*Directions*. The entries must be restated exactly as written.

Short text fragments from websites
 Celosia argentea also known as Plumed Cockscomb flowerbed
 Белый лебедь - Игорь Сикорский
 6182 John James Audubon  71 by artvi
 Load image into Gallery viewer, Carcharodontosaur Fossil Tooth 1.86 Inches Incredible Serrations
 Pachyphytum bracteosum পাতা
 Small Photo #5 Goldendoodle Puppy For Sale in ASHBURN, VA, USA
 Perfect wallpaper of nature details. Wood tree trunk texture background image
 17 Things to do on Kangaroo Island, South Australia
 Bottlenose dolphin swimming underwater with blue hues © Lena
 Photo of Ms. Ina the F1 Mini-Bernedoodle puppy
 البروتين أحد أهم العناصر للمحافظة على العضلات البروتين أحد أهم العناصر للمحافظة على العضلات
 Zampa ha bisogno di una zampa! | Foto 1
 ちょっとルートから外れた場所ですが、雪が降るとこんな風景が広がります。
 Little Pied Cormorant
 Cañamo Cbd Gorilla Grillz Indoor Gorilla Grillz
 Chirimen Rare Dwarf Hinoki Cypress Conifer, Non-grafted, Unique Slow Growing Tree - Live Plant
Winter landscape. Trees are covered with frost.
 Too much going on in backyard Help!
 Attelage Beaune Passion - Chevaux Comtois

*Response to the task*.
 Celosia argentea also known as Plumed Cockscomb flowerbed
 Белый лебедь - Игорь Сикорский
 6182 John James Audubon  71 by artvi
 Load image into Gallery viewer, Carcharodontosaur Fossil Tooth 1.86 Inches Incredible Serrations
 Pachyphytum bracteosum পাতা
 Small Photo #5 Goldendoodle Puppy For Sale in ASHBURN, VA, USA
 Perfect wallpaper of nature details. Wood tree trunk texture background image
 17 Things to do on Kangaroo Island, South Australia
 Bottlenose dolphin swimming underwater with blue hues © Lena
 Photo of Ms. Ina the F1 Mini-Bernedoodle puppy
 البروتين أحد أهم العناصر للمحافظة على العضلات البروتين أحد أهم العناصر للمحافظة على العضلات
 Zampa ha bisogno di una zampa! | Foto 1
 ちょっとルートから外れた場所ですが、雪が降るとこんな風景が広がります。
 Little Pied Cormorant
 Cañamo Cbd Gorilla Grillz Indoor Gorilla Grillz
 Chirimen Rare Dwarf Hinoki Cypress Conifer, Non-grafted, Unique Slow Growing Tree - Live Plant
Winter landscape. Trees are covered with frost.
 Too much going on in backyard Help!
 Attelage Beaune Passion - Chevaux Comtois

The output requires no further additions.